After ten years in Wynwood, Pan American Art Projects is moving to Little Haiti as part of the trajectory to new territory for the art scene in Miami. The new space of Pan American Art Projects will be inaugurated with the Gustavo Acosta exhibition entitled Paper Trail. And this exhibition serves as a perfect metaphor for change as this new body of work on paper reflects upon a sense of place and what change looks like through the examination of two cities - Havana, where the artist was born and raised, and Miami, where he now lives and works (if you like art on paper, be sure to follow Art on Paper New York and Art on Paper Miami). Acosta’s approach and understanding of architecture is very unique, while his art could be understood as an attempt to understand political and social significance of architecture.
Gustavo Acosta was born in 1958 in Havana, Cuba. He attended the San Alejandro Academy, and later on the Superior Institute of Art (ISA), both in Havana. His work has been extensively exhibited internationally.
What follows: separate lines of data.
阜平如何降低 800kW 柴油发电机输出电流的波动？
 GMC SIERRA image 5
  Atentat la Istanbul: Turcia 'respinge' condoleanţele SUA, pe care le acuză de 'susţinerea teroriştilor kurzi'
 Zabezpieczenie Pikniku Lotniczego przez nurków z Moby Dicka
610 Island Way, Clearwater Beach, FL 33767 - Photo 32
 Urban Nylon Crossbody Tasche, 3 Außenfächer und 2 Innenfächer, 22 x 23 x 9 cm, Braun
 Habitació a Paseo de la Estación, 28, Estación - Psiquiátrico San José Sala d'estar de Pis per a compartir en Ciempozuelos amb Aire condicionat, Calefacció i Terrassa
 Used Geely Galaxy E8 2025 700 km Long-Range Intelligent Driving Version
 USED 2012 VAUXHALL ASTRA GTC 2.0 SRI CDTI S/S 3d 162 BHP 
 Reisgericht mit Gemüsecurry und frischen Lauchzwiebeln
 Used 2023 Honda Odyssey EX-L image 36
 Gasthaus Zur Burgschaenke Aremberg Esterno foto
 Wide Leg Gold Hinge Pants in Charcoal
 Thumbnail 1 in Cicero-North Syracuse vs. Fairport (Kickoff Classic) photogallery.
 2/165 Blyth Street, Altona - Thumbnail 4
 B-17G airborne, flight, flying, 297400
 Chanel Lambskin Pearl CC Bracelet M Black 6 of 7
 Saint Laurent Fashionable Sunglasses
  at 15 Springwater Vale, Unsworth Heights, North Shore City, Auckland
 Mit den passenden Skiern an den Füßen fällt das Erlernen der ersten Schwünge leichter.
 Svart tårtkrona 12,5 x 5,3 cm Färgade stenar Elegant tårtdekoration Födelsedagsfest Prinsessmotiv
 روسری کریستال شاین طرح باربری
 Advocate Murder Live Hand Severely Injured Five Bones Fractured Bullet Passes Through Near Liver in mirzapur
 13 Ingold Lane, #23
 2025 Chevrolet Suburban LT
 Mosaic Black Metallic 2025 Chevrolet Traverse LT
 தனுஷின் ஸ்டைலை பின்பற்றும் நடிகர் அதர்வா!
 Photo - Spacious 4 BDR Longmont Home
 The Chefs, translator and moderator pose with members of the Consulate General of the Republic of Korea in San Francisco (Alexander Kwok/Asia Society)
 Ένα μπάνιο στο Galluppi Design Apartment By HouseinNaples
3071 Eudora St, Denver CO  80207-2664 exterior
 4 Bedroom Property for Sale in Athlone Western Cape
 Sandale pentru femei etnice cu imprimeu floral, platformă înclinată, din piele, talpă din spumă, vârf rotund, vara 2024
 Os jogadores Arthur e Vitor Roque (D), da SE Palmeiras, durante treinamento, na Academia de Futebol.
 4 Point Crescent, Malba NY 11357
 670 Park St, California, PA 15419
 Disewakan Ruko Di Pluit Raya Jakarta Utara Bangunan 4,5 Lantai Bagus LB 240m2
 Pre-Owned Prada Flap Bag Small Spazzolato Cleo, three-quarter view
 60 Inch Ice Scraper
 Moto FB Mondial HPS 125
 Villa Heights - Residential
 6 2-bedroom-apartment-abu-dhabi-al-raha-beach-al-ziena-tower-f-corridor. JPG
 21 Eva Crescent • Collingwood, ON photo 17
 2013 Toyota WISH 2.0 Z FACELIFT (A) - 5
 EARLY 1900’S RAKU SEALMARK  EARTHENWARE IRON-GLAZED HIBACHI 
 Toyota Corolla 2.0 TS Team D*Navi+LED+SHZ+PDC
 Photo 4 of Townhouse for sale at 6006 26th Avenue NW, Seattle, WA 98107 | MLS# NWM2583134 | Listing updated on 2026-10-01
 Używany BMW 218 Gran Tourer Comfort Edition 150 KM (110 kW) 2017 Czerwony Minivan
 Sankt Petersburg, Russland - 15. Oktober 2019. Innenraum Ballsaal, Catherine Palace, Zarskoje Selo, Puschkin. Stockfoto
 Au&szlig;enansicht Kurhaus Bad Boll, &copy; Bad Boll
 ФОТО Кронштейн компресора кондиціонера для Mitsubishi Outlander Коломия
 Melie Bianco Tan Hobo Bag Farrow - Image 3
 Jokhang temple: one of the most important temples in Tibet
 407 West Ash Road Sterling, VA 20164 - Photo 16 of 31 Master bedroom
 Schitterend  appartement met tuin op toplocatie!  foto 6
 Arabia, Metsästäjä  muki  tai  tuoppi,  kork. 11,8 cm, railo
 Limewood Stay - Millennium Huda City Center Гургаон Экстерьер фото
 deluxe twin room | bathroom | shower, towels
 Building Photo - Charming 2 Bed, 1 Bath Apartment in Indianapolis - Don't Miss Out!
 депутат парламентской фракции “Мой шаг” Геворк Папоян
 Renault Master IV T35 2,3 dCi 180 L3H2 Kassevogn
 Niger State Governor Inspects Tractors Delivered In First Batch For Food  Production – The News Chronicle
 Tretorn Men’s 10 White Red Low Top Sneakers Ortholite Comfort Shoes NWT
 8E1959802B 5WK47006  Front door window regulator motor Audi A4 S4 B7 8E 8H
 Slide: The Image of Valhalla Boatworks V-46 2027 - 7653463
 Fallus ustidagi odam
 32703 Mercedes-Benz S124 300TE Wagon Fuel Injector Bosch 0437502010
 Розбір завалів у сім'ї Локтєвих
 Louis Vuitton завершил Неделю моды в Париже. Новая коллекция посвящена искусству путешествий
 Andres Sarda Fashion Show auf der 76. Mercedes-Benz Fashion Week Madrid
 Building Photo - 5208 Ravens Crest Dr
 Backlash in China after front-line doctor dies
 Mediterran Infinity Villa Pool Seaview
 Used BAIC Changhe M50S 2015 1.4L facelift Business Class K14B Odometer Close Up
Recently a vast selection of his work was on a touring exhibition in Brazil, which began at the Caixa Cultural de Rio de Janeiro and ended at the Caixa Cultural in Sao Paulo. This great artist focuses on architecture, or to be more precise, on the power of architecture, both its external grandeur and the darker histories it may conceal. Skeptical of ideology, political or aesthetic, Acosta's paintings combine historically disassociated areas of artistic expression: three-dimensional space, theatre, and Modernism's emphasis on the two-dimensional surface. For Acosta, the notion of aesthetic purity is just another form of imprisonment. What is unique in Acosta’s art is his approach towards architecture. He does not deal with architecture and related themes in aesthetical ways; he is not interested in aesthetics, but in role of architecture in power relations (take a look at our article about Deconstructivism and its 10 most amazing buildings).
Architecture as a representation of power has been a constant theme in Acosta’s oeuvre. His urban renderings place him, at times, as an observer, and others as a commentator on the social and political aspects that architecture represents. In this new collection of works on paper he acts both. Paper Trail counter-positions images of Miami’s accelerated gentrification process with scenes of dilapidated buildings in Havana. Acosta's work speaks to the dialectical processes of life - birth and death - through urban vignettes of these cities. These works comment on the dynamics of both cities, one (Miami) in constant movement forward, the other (Havana) static in time. However, these focusings on Miami and Havana could be translated to other cities as well. Although every city in the world is different, there are always patterns of city’s dynamics that could be identified in both Miami and Havana.
Pan American Art Projects specializes in art of the Americas with the mission to build a bridge between North and South American cultures by presenting and exhibiting artists from both regions. The art space deals with emerging to established artists, as well as secondary market paintings, sculpture, and works on paper. As we already mention, Pan American Art Projects moved to new location, so be sure to check out the new space with great inaugural exhibition. The exhibition entitled Paper Trail will be on view from April 9 until May 14, 2016 at Pan American Art Projects in Miami (6300 NW 2nd Avenue).